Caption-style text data
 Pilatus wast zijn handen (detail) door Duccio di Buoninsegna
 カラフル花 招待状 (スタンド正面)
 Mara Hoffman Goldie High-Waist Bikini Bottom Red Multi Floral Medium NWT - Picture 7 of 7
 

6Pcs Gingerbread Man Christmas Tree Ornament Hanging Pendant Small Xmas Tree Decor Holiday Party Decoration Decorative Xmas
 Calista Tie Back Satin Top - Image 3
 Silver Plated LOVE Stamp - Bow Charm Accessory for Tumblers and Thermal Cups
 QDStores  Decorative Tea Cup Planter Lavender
...
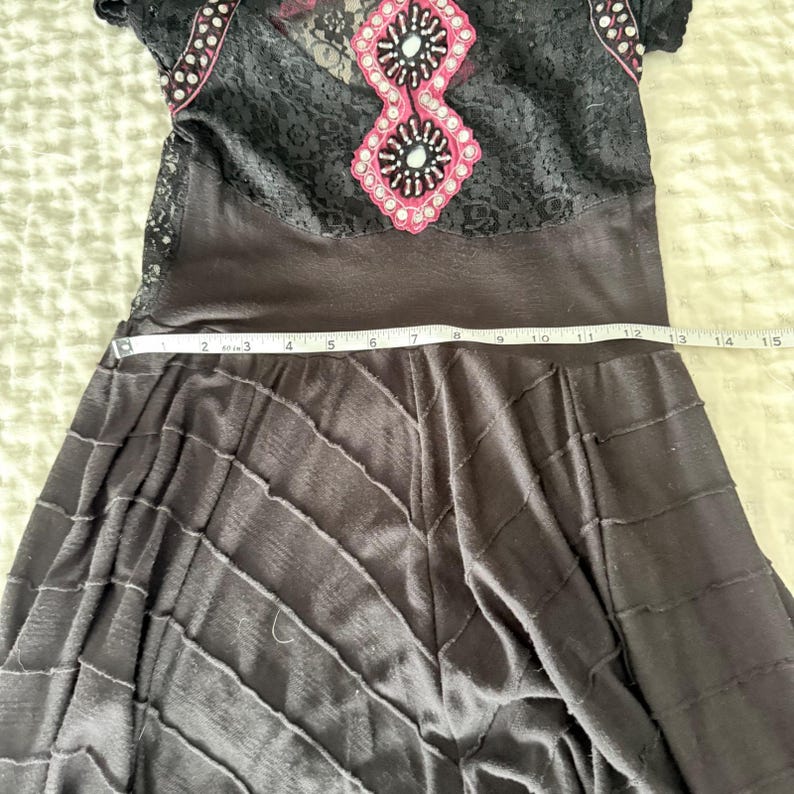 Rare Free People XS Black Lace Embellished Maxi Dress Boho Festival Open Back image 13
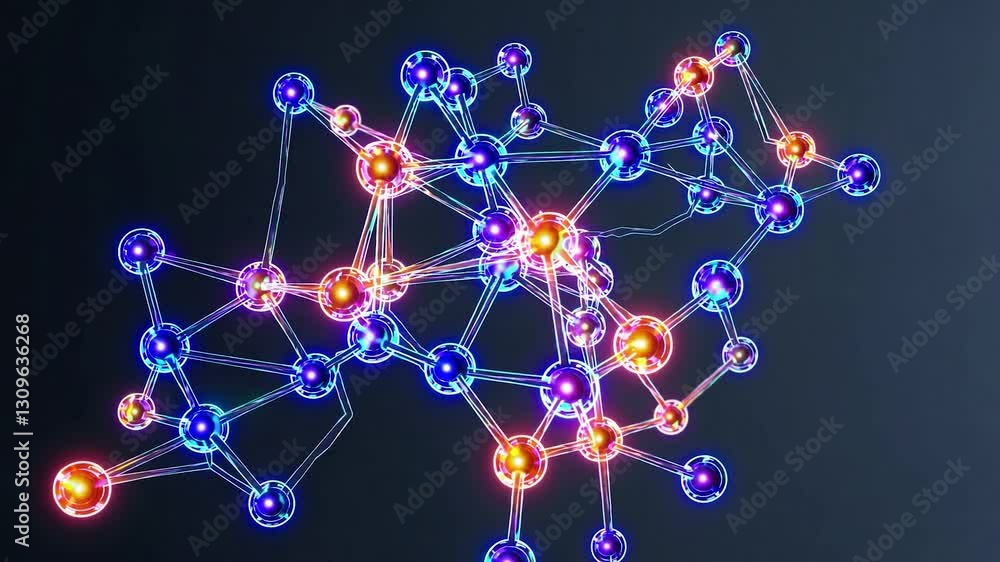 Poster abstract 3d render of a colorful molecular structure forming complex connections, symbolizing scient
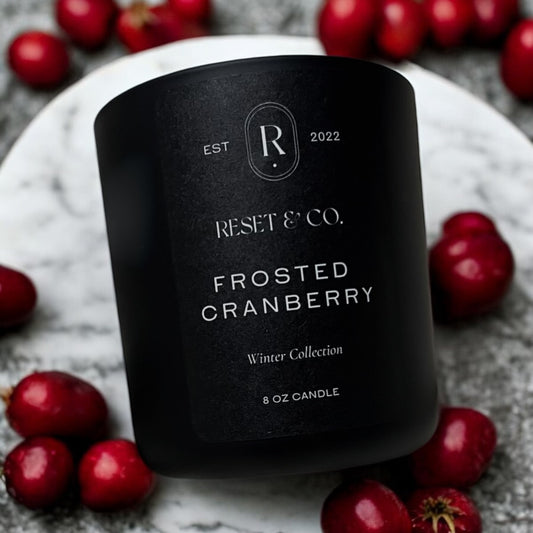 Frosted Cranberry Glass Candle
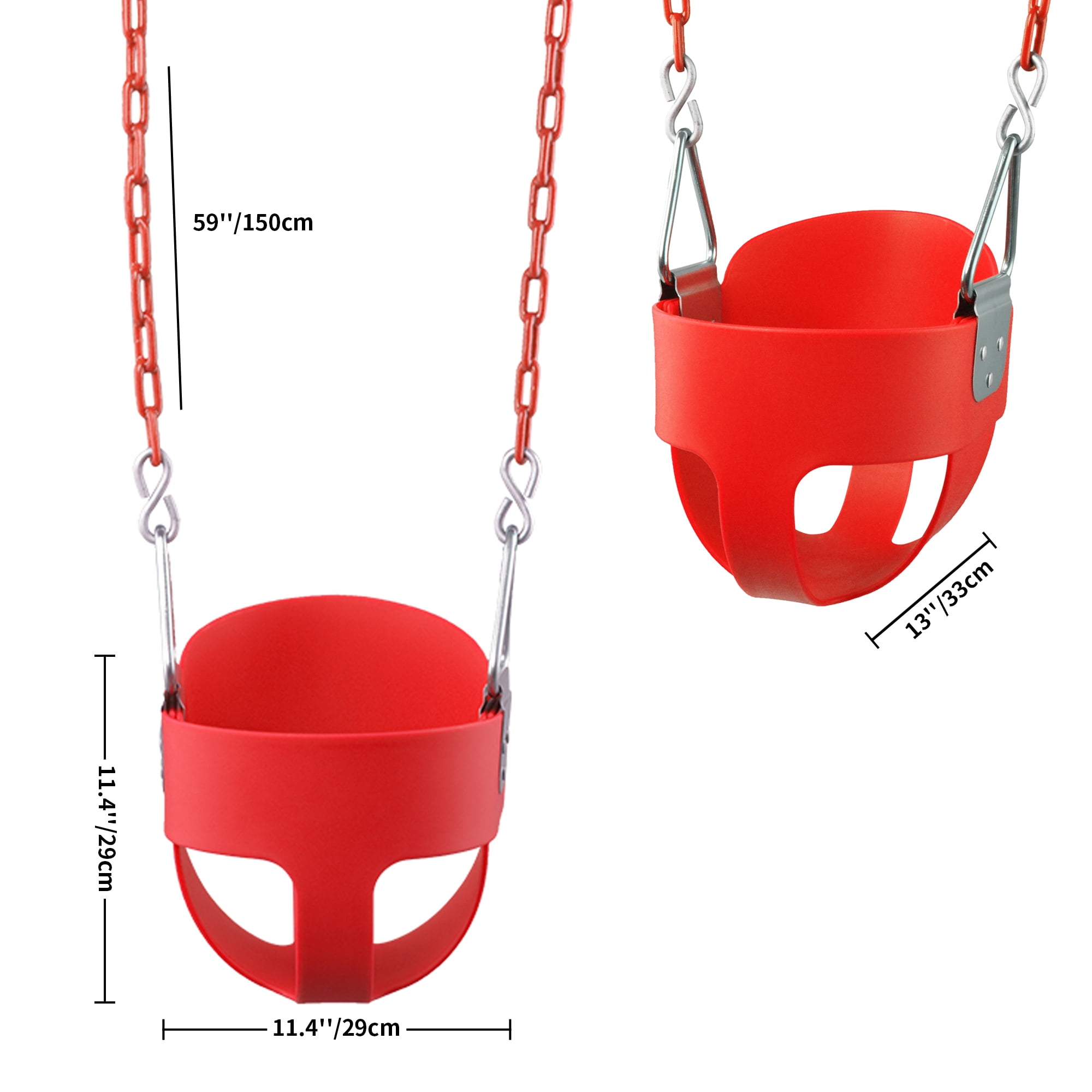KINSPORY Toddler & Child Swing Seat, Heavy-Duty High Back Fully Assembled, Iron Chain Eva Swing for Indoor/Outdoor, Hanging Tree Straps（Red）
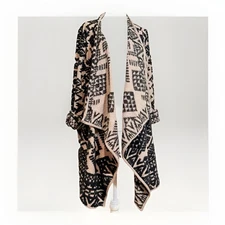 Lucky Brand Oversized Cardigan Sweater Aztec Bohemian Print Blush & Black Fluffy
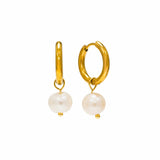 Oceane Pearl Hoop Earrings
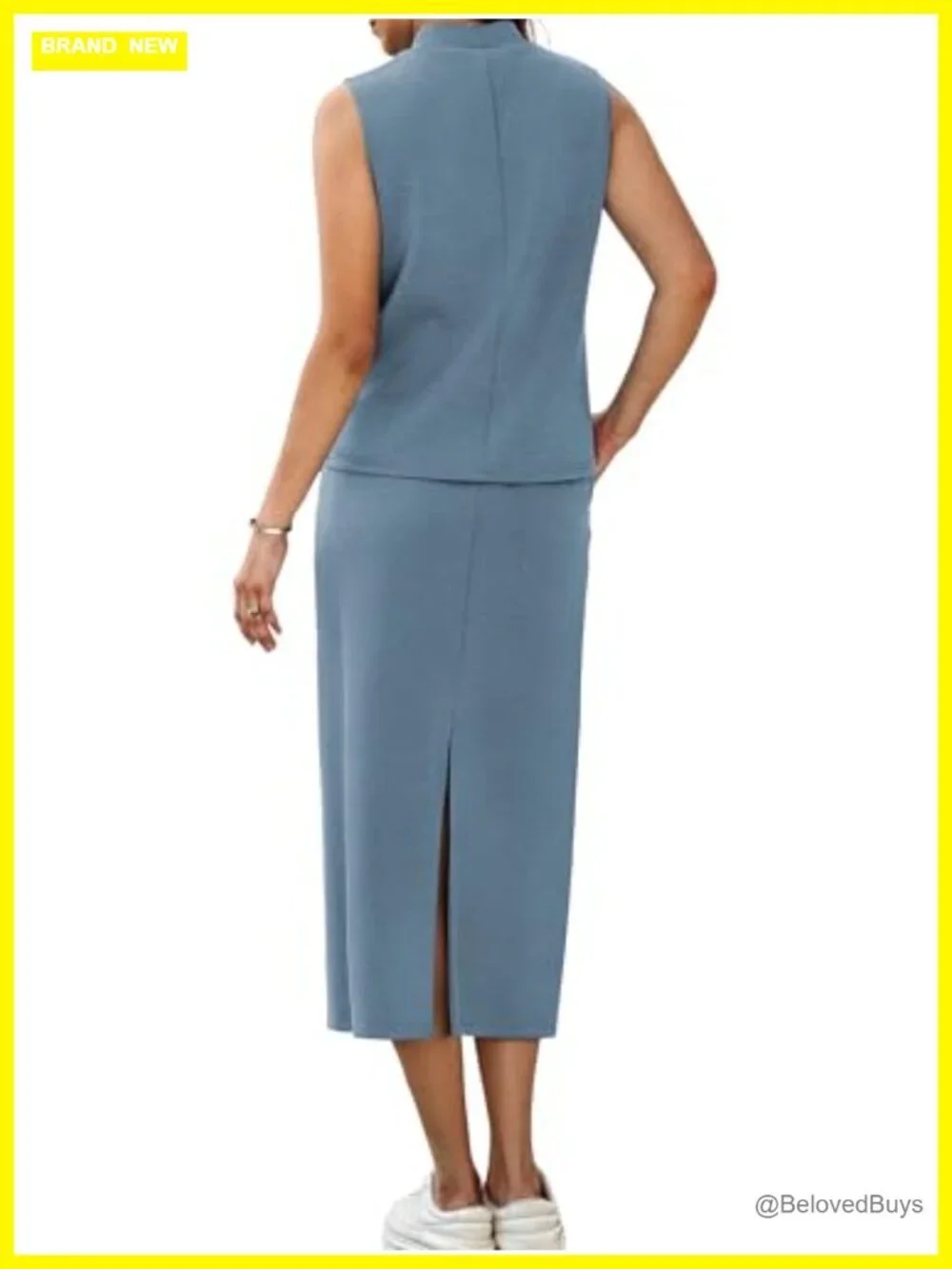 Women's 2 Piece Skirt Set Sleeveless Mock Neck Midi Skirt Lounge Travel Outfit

_Activity_. Transcribe exactly the lines above, beginning at the one with "Lucky Brand Oversized" and going up to and including the one with "Women's 2 Piece". Pictures do not belong in the copy.

_Solution_.
 Lucky Brand Oversized Cardigan Sweater Aztec Bohemian Print Blush & Black Fluffy
 Oceane Pearl Hoop Earrings
 Women's 2 Piece Skirt Set Sleeveless Mock Neck Midi Skirt Lounge Travel Outfit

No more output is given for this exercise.